Offered by: Nemours Children's
Location: Orlando, Fla.

Trial Name

International SMA Consortium Spinal Muscular Atrophy Patient Registry (iSMAC SMA Registry)

What is the trial about?

SMAC is an ongoing data collection effort for Spinal Muscular Atrophy, or “SMA”. The main purpose of this research study is to learn more about the disease and the response to treatment. We hope that by collecting and analyzing this information will improve care of those with SMA.

Who can participate?

All patients with SMA who receive care at Nemours Children’s Hospital, Florida are eligible to participate in this natural history registry. Other patients with SMA at 4 other sites in the United States and at sites in the United Kingdom and Italy will also participate in this Registry.

What is involved?

There are no additional procedures, clinic visits or expectations from you as a result of participation in the iSMAC SMA Patient Registry. By agreeing to be in the Registry, you allow a staff member from our SMA clinic to review your medical records and enter information into an electronic form that is sent to the University of Rochester that is analyzing and storing data. This de-identified data will be sent electronically throughout the year to the sponsor of the registry — Biogen.

A summary of your child’s health (height, weight, genetic test results and physical therapy assessments) and treatments (medications and other therapies) will be submitted electronically through the Electronic Medical Records System. There are no experimental procedures that are part of this study. De-identified information will be collected and shared with the sponsor of the study and other centers. There are two types of visits that your child will have to undergo as a part of standard treatment. Baseline visit (initial visit) and the follow- up visits one to four times a year. All the procedures that are performed at clinic visits are part of the standard treatment that your doctor schedules for you.

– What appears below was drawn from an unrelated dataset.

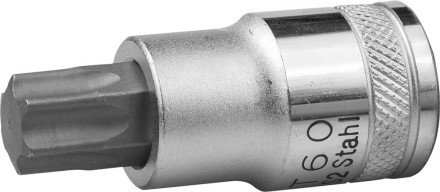Торцовая бита-головка KRAFTOOL &quot;INDUSTRIE QUALITAT&quot;, материал S2, TORX, сатинированная, 1/2&quot;, Т60 27905-60_z01 купить в Нижневартовске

Data will be collected as a result of the following standard treatment procedures:

• Interviews: You and possible your child with SMA will be asked questions about your child’s family, medical history, surgical history and medication use. This includes:
  1. Demographic Information (date of birth, sex, country of residence)
  2. Genetic information (SMA related details, genetic testing’s result 5q-SMA)
  3. Therapies received
  4. Medications taken
  5. Any history of taking nusinersen (Spinraza) and if there were any side-effects attributed to the spinal tap or due to the drug itself.
• Physical Exam: Your child will have an exam preformed at each neuromuscular clinic visit, including measurements of weight, height, blood pressure, heart rate and respiratory rate, general physical and a detailed neurological exam and standard motor (movement) assessment performed by physical therapists. This includes:
  1. Growth information, for example, height, weight, head size, chest size
  2. Blood pressure, respiratory rate, pulse rate and temperature
  3. Motor function
• Questionnaires: Your child will be asked to complete questionnaires. These questionnaires will tell us about your child’s quality of life, if there has been any change in how he or she is able to do things, and how your child feels about what he or she can do.
• Physical Therapy testing: This will include evaluation of your child’s strength, joint flexibility and muscle function. SMA-specific motor function scales will be used.
• Blood, Urine, Spinal Fluid and Body Tissue Samples: Leftover blood, urine, spinal fluid, muscle tissue or skin specimens collected during the standard of care visit may be stored for future research purposes only if you agree and sign this consent prior to the specimen collection. These specimens will be send to a laboratory at Columbia University in New York.